>>>
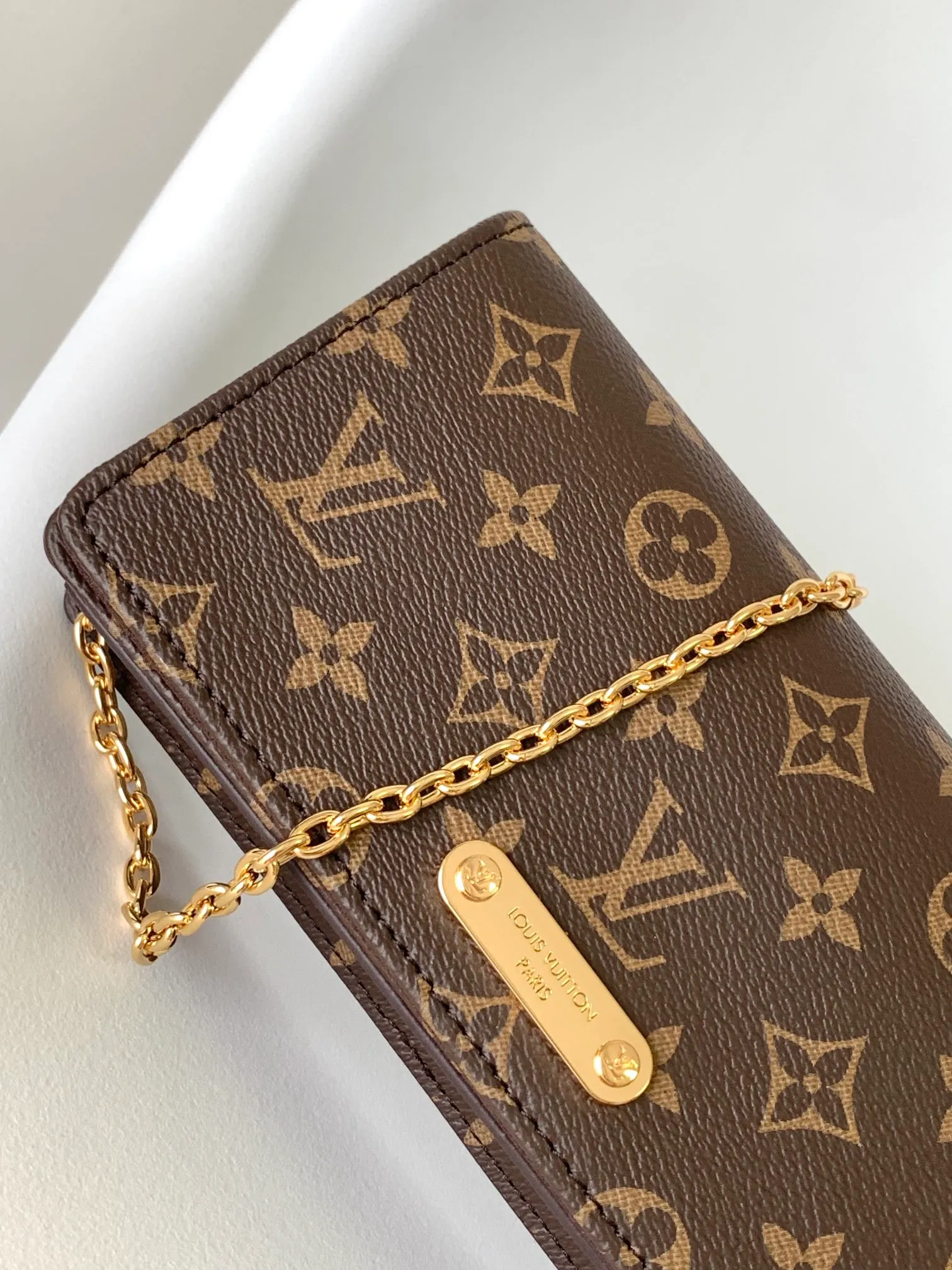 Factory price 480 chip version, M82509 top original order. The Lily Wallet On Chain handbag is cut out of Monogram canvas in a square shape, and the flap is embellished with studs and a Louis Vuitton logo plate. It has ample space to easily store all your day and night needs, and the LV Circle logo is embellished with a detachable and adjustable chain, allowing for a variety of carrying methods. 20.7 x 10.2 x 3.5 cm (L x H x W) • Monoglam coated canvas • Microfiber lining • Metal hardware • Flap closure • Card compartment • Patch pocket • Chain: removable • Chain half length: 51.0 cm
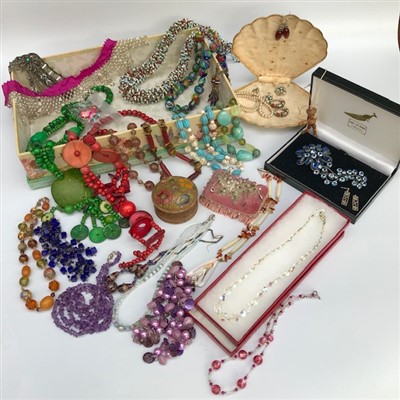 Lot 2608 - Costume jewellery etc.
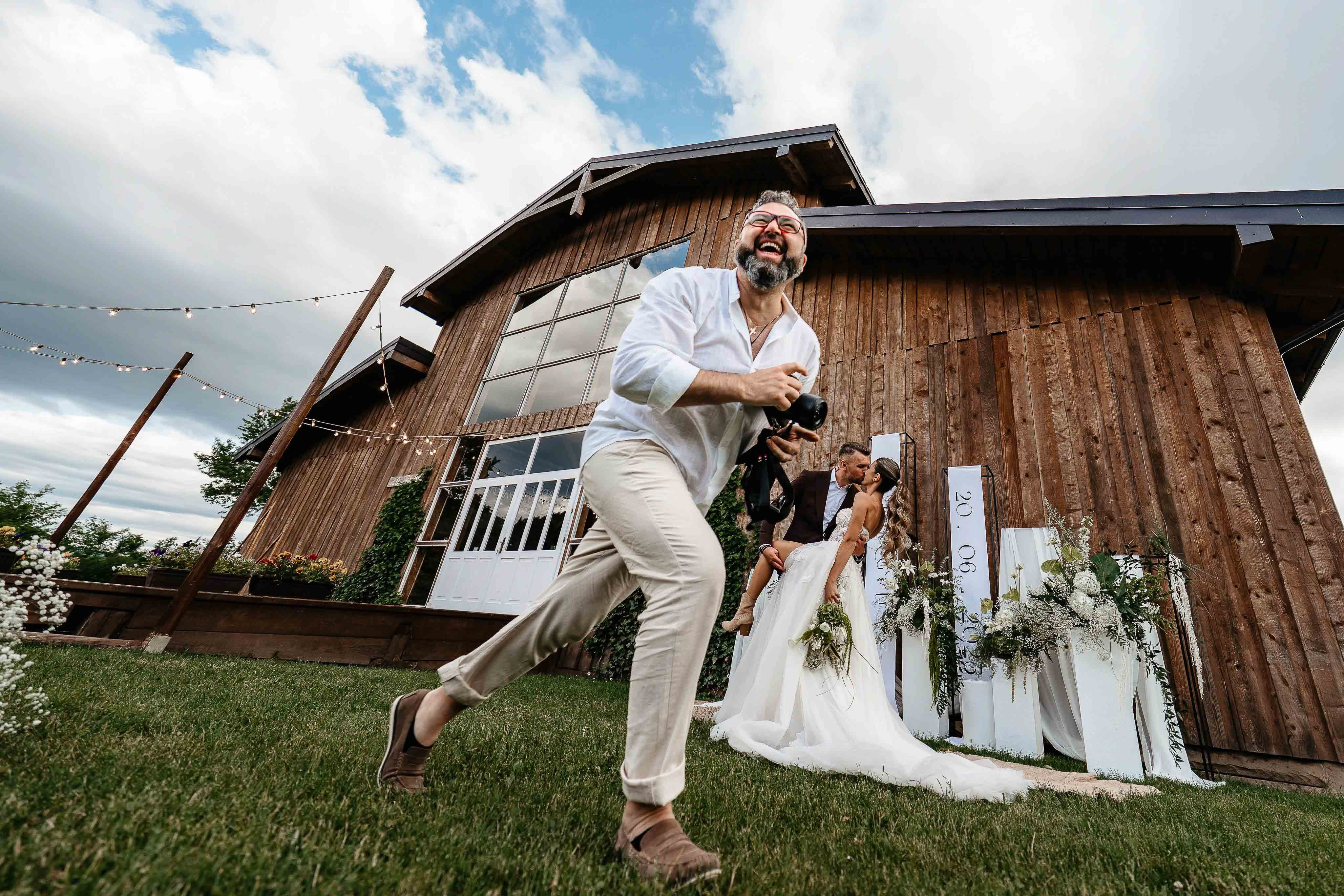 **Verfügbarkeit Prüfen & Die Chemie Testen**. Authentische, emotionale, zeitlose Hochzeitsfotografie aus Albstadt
<<<
_Exercise details_
When copying, output the data exactly and leave out the pictures.

_Your solution_
 Factory price 480 chip version, M82509 top original order. The Lily Wallet On Chain handbag is cut out of Monogram canvas in a square shape, and the flap is embellished with studs and a Louis Vuitton logo plate. It has ample space to easily store all your day and night needs, and the LV Circle logo is embellished with a detachable and adjustable chain, allowing for a variety of carrying methods. 20.7 x 10.2 x 3.5 cm (L x H x W) • Monoglam coated canvas • Microfiber lining • Metal hardware • Flap closure • Card compartment • Patch pocket • Chain: removable • Chain half length: 51.0 cm
 Lot 2608 - Costume jewellery etc.
 **Verfügbarkeit Prüfen & Die Chemie Testen**. Authentische, emotionale, zeitlose Hochzeitsfotografie aus Albstadt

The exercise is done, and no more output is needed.